By Karen Landles
Our economic trends since Brexit have been better than expected. Consumers are spending, seemingly fed up of austerity. So why then is the market holding back, showing such uncertainty? Since Brexit we have seen a falling pound, a resilient pound, a Pound fighting back. From the time results started to come through on the night of the referendum sterling has come under pressure, falling 10% in the immediate aftermath. The markets who bet on the economy are betting against. Economic theory tells us that a lower rate of exchange will aid exports, and thus our manufacturing, but this is not the whole picture. Our fluctuating Pound is not part of a carefully thought out economic strategy; the weakened state of the Pound is an indication of just how anxious investors are about the future of our economy.
If we have a weaker pound, we are told, then exporting becomes easier as our relative prices overseas comes down, but that doesn’t chime with reality on the ground. According to the CBI, assessing the market in October 2016, the majority of exporting manufacturing firms said that “the fall in the Pound since June had a negative impact on their business”. In a supplementary question, 47% of manufacturing firms cited sterling’s depreciation as having a negative impact, against 32% citing a positive impact.
What we are seeing is that it costs us more to buy raw material. I was talking just this week with a business structuring expert who told me of a small manufacturer of high quality chocolate who has seen the cost of raw materials rocket by 15%. That is a hefty increase to hope to make back selling abroad and it also hits the domestic market hard. And it isn’t just a threat to SMEs, Rain Newton-Smith, CBI Chief Economist, said:
“Manufacturers are optimistic about export prospects and export orders are growing, following the fall in Sterling. However, the weaker Pound is also feeding through to costs, which are rising briskly and may well spill over into higher consumer prices in the months ahead”.

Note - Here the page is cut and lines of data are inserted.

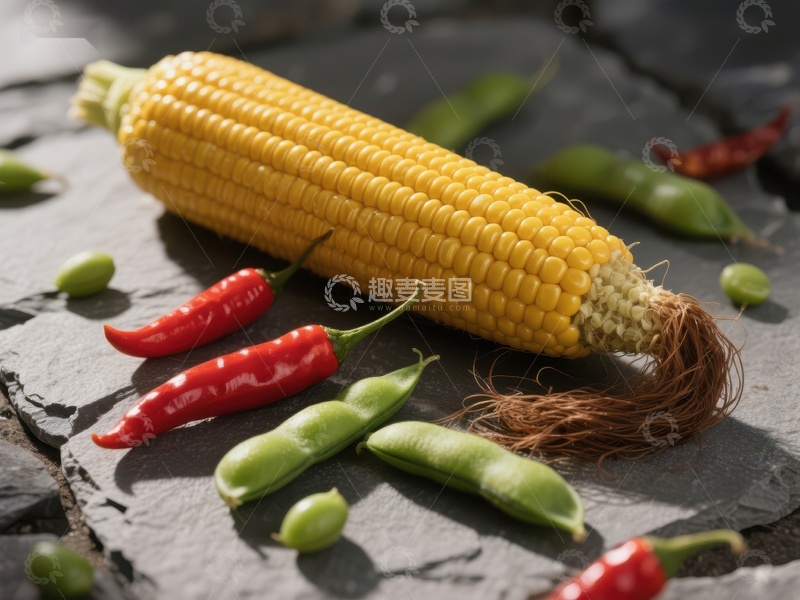 高清大图下载【趣麦麦图】玉米与辣椒豌豆的静物组合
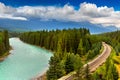 Railway line along Bow river in Banff Royalty Free Stock Photo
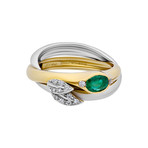 Salvini 18k Two-Tone Gold Diamond + Emerald Ring // Ring Size: 8 // Pre-Owned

A weaker Pound, an indication of a weakened economy, is a threat to our exports and our domestic market – I can barely bring myself to address the higher costs of prosecco.
I am leaving aside the question of exactly who we expect to be exporting to in the near future with the complications of additional tariffs, since it isn’t part of this debate, but it is worth mentioning since it is the fear of Brexit that is at the heart of the current problem. I don’t see Nissan confident about its future here, or the future of the 7,000 employees in Sunderland, despite the falling pound. The weak Pound is a symptom of the deeper problem as well as causing problems of its own.
These rising costs of course are not just for manufacturers. The CBI economist talked about increases spilling over, a fear echoed by Mark Carney who this month warned that living costs are expected to rise and consumption costs outpace earnings growth.
Brexit has been an act of self-harm; a weakened Pound feels a bit like medieval bloodletting with an already fragile patient rather than a thought through strategy for healing our economy.